When the last tenant moved out of Chicago's notorious housing project, it signaled the end of an era and raised questions about the future of displaced tenants -- and public housing itself.
The worst of these prison-like, concrete and wire-encased towers, like Chicago's Robert Taylor Homes and the infamous Pruitt-Igoe Homes in St. Louis, have been razed or blown up. But many still wonder what happened to the people who once lived in them. Where did they go, and what became of their lives? Are they better or worse off today than when they lived in "the projects"? At one point, as many as 30,000 people lived in the 28 sixteen-story Taylor Homes buildings. Pruitt-Igoe had 5,800 apartments in 33 eleven-story buildings before the last buildings were razed in 1976 to make way for mixed-income townhouses.
As television cameras and news photographers recorded Annie Ricks' move from the condemned Cabrini-Green apartment building, they also documented the end of an era in Chicago public housing. At the same time, a few blocks away, CHA, City of Chicago, and regional and national HUD officials were holding a celebratory press conference in a renovated public housing building to announce the completion of a massive rehabilitation of 700 apartments for low-income seniors, including upgrades for disabled residents.
Officials also touted the city's compliance with a Voluntary Compliance Agreement between Chicago and HUD three years ahead of schedule. The pact was signed in May 2006. When fully implemented, Chicago will have 9,300 rehabbed units of public housing for seniors, more than any other city in the nation.
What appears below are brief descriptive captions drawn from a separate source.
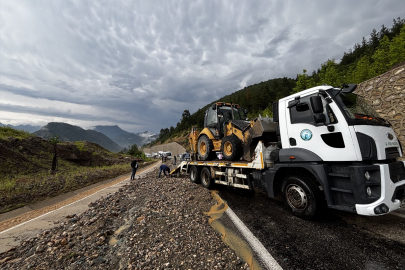 Adana'da heyelan nedeniyle kapanan Feke-Kozan kara yolu ekiplerce açıldı
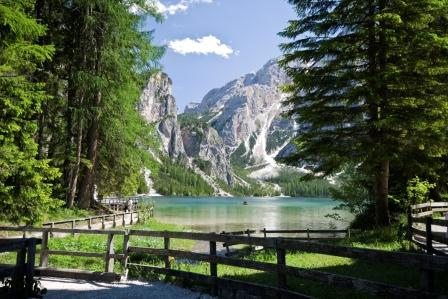 lago-di-braies.jpg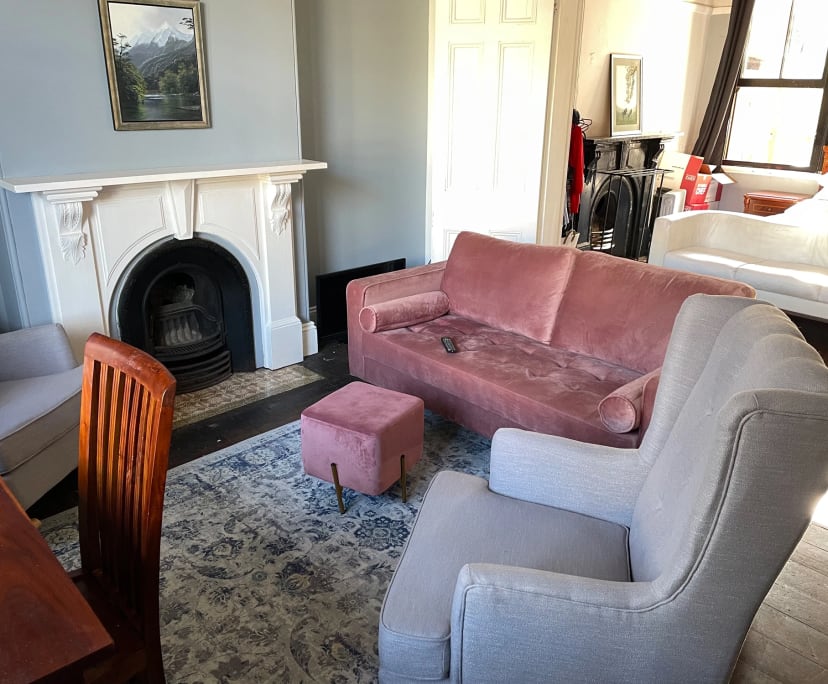 Room in a share house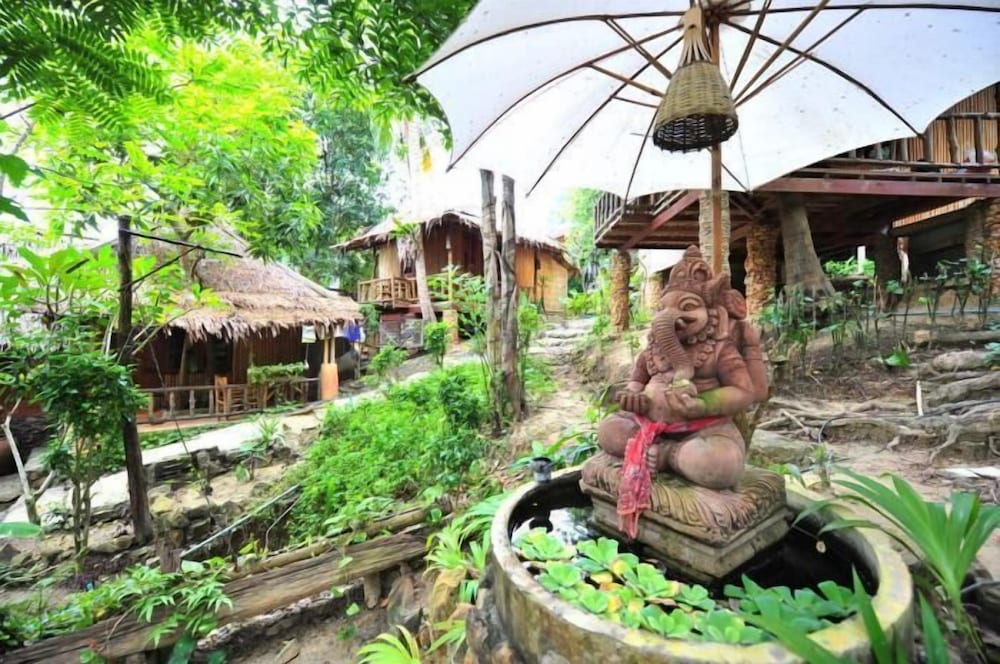 Chunut House Resort 43/51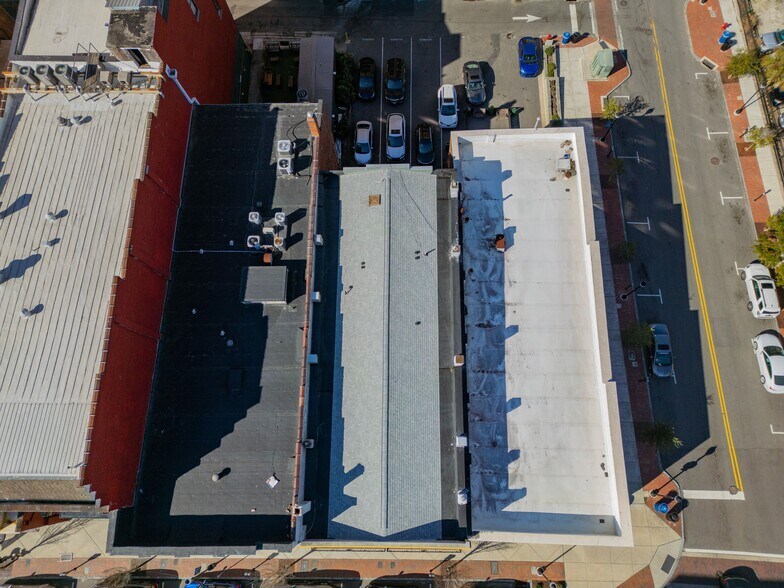 More Photos Of 271 N Front St, Wilmington General Retail For Sale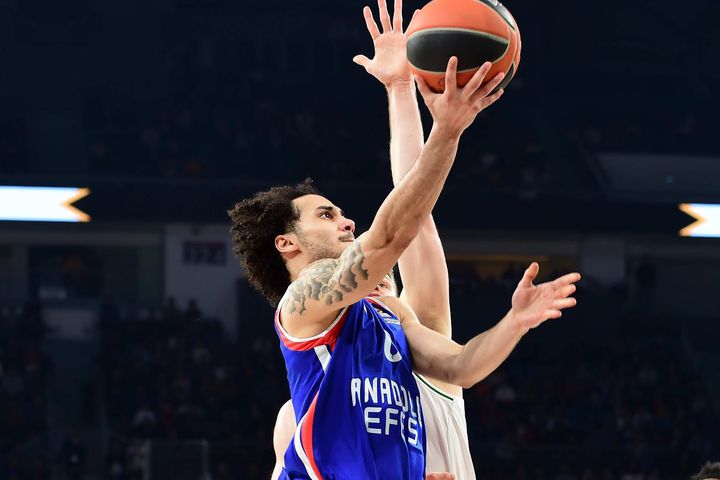 Larkin abarttı Efes kazandı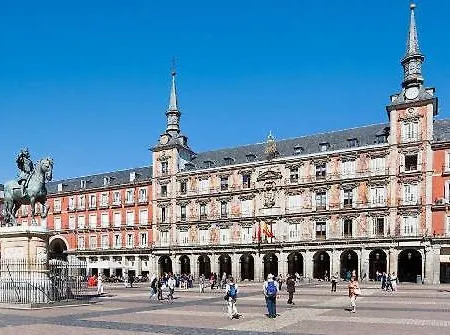 Plaza Mayor Family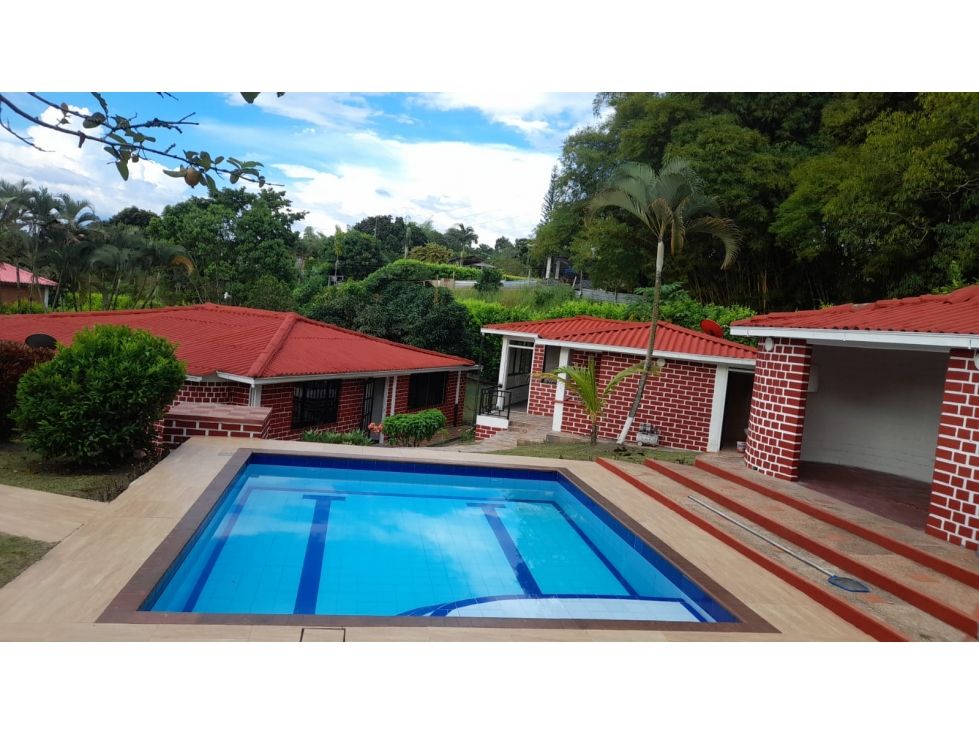 Casa Campestre en venta Caldas Palestina Palestina 320 m2 Habitaciones 5 Baños 3 Garajes 6 Precio $750000000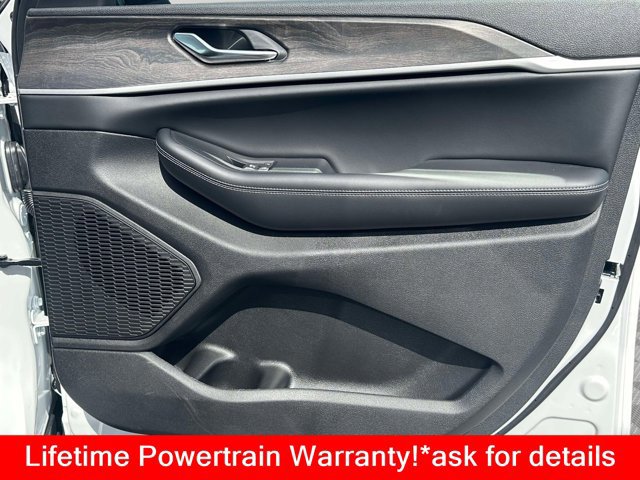 New 2026 Jeep Grand Cherokee Altitude AWD/4WD image 21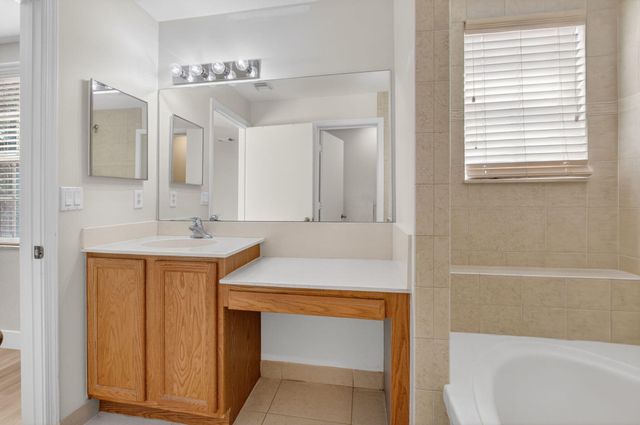 1418 W Wickham Circle B, Delray Beach, FL 33445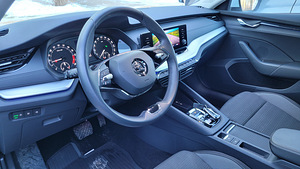 ŠKODA OCTAVIA 2024 (7 foto / 8)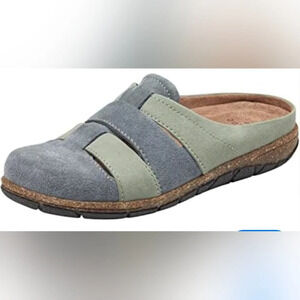 Earth Origins blue and green leather mules 6.5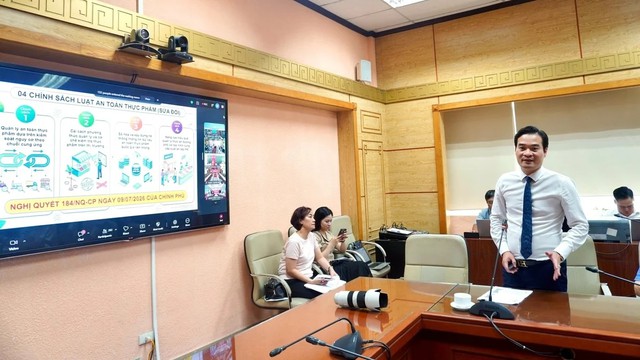 Luật An to&agrave;n thực phẩm (sửa đổi): Đẩy mạnh chuyển đổi số, tăng cường hậu kiểm- Ảnh 2.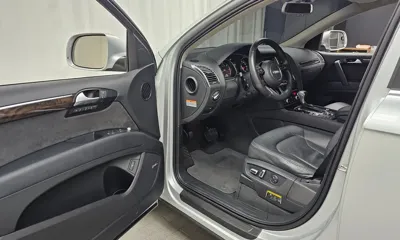 Audi Q7 2015, 84306 км, за 10174.61 USD - фото 10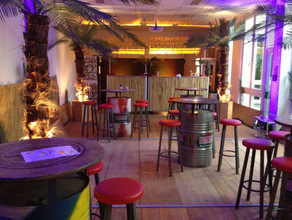 Bambus-Theken-Kombi mieten – Bartheke, Mobile Bar, Ausschanktheke, Eventtheke, Theken & Bars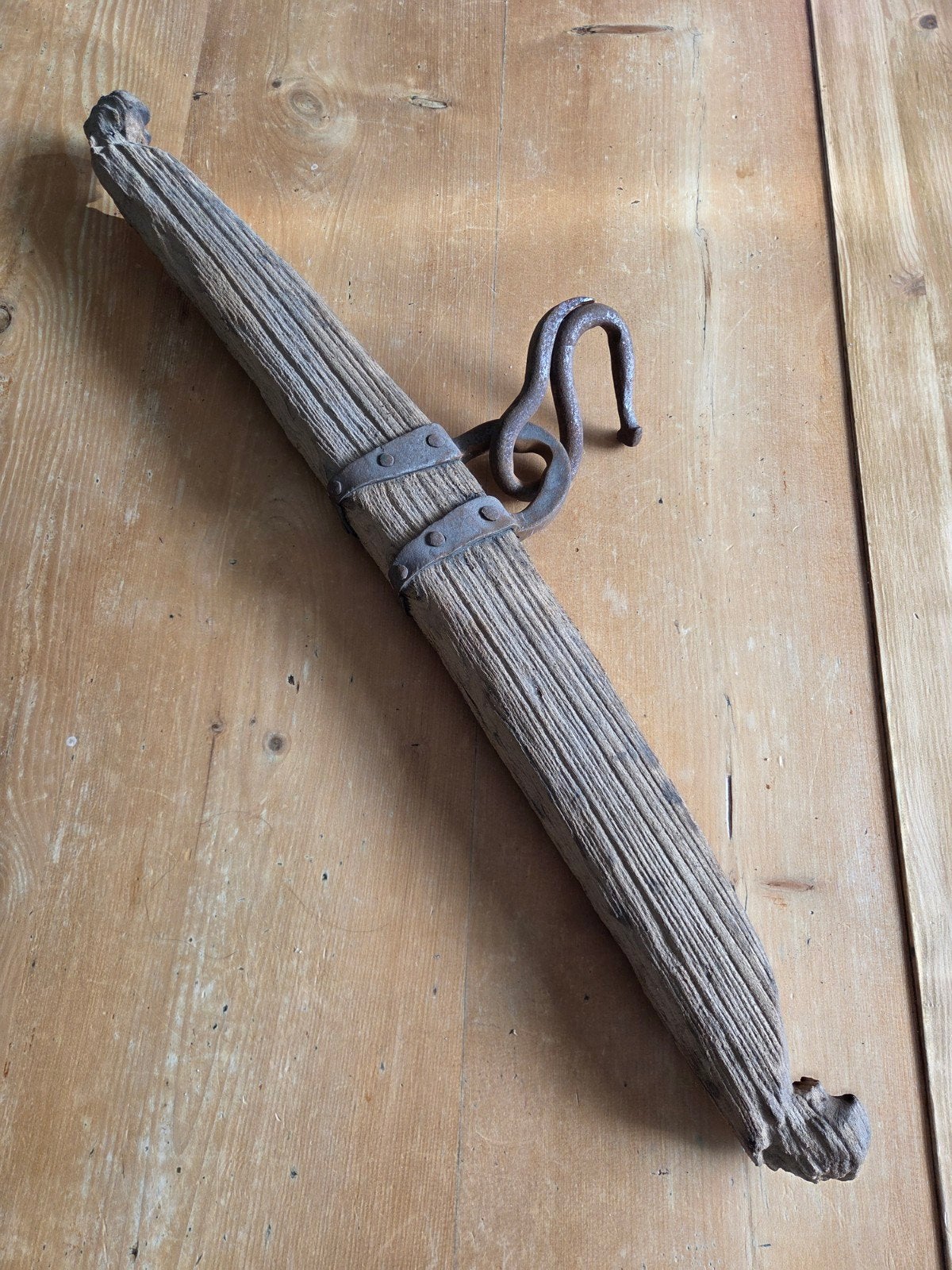 Antieke houten juk met ijzeren haken, Ophalen of Verzenden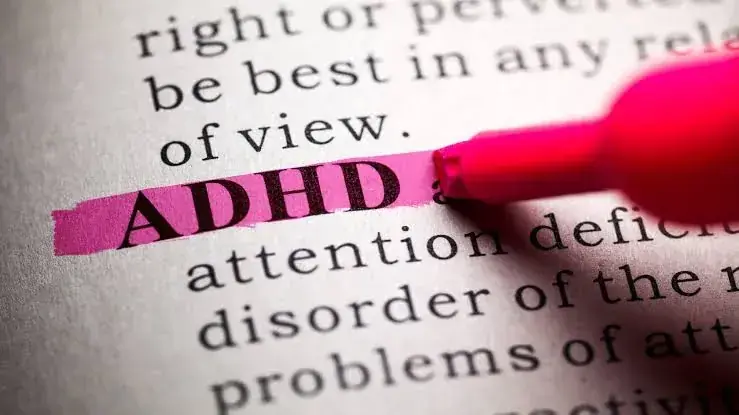 علائم بیماری ADHD چیست؟ نشانه‌هایی که باید بشناسید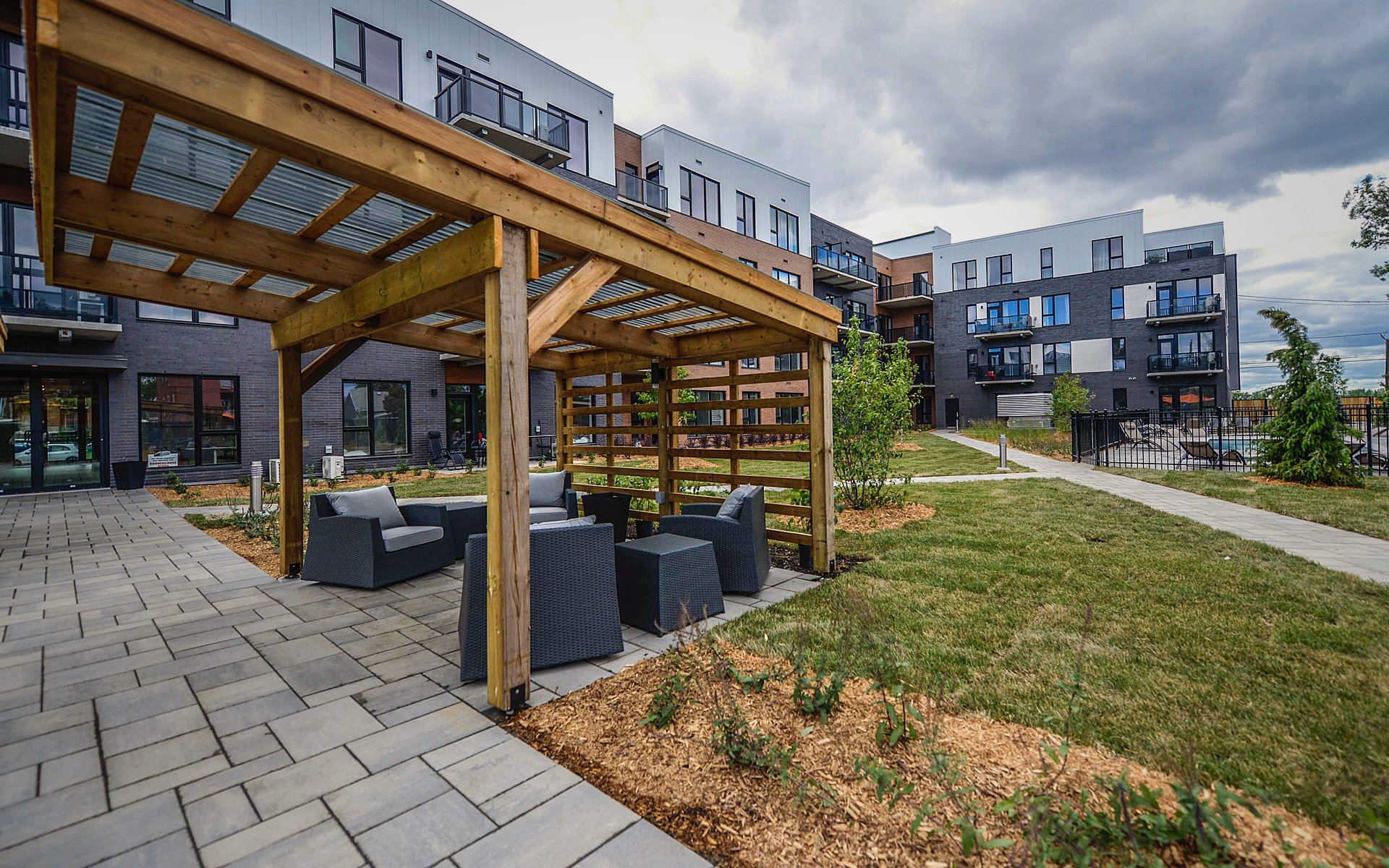 Cours arrière d'un immeuble résidentiel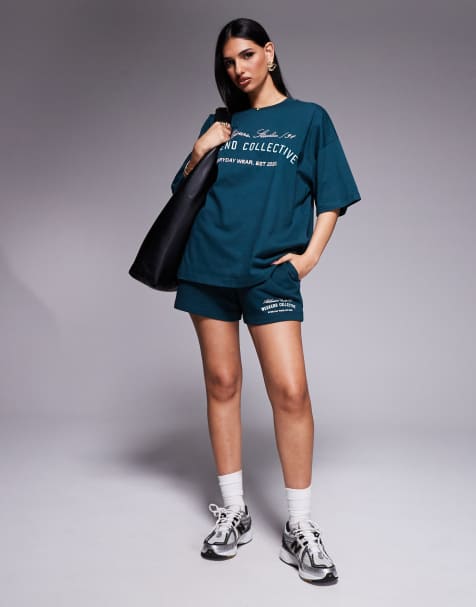 Weekend Collective set with embroidered logo in green - view 1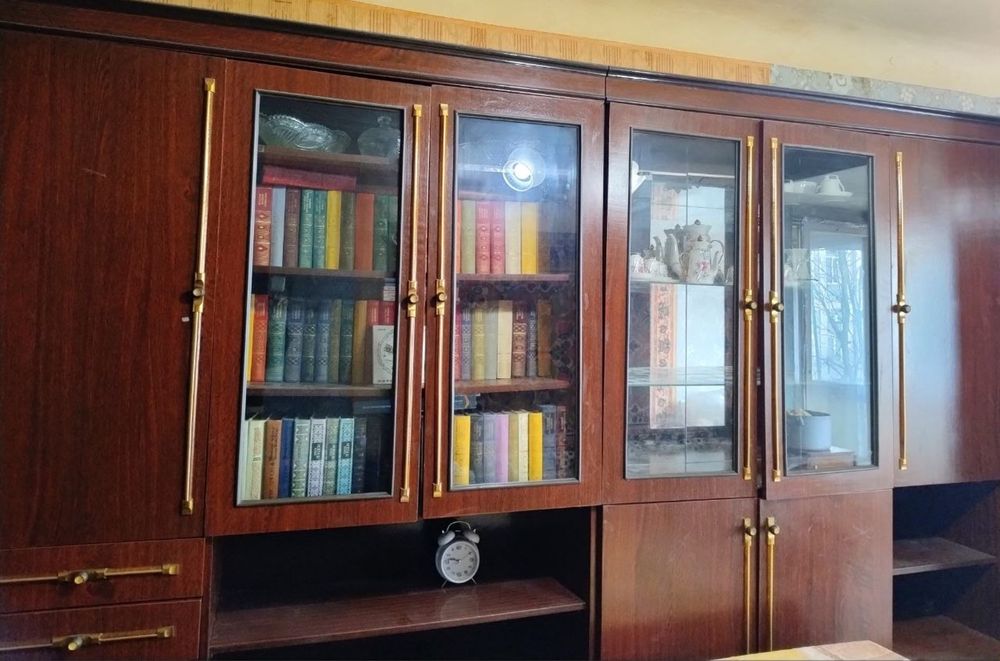 Меблі, шафи, ліжко, сафа,  стіл, полиці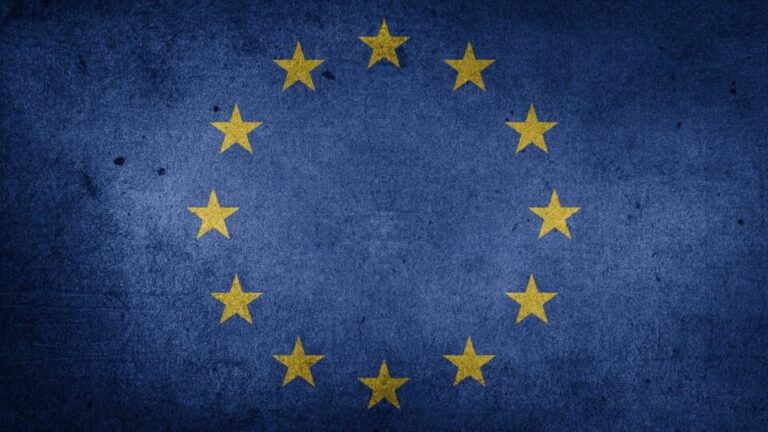 Por que a direita dos EUA está defendendo o fim da União Europeia por-que-a-direita-dos-eua-esta-defendendo-o-fim-da-uniao-europeia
"With the completion of these upgrades in our senior portfolio, CHA has set a new standard in accommodating senior and disabled Chicagoans across the city," said Lewis A. Jordan, CEO of the housing authority.
"This is a great day for Chicagoans with disabilities," said Marca Bristo, president and CEO of Access Living, a Chicago organization run by and for people with disabilities. "You have raised the bar for housing authorities across the country."
Bristo said she planned to accompany Jordan to Washington to explain to the U.S. secretary of housing and urban development how Chicago is emerging as a national leader in accessible public housing. It's all part of the city's "Plan for Transformation," which has been touted as the largest redevelopment-rehabilitation of public housing in the history of the United States. For the past decade, the CHA has been relocating low-income families from older, dilapidated public housing buildings into newly constructed or rehabbed properties. But the moves have not always been met with applause.
Brenda Lockett lived in Cabrini-Green high-rises for 40 years before being relocated to a rehabbed apartment in nearby row houses six months ago. Like Annie Ricks, she was not happy about it at first and did not want to leave the only home she had ever known. "It was the fear of the unknown," Lockett says. "You can live at a certain place for so long that you can get complacent. You get comfortable with what you have become accustomed to. But I didn't realize when I moved out of the high-rises that things would begin to look different."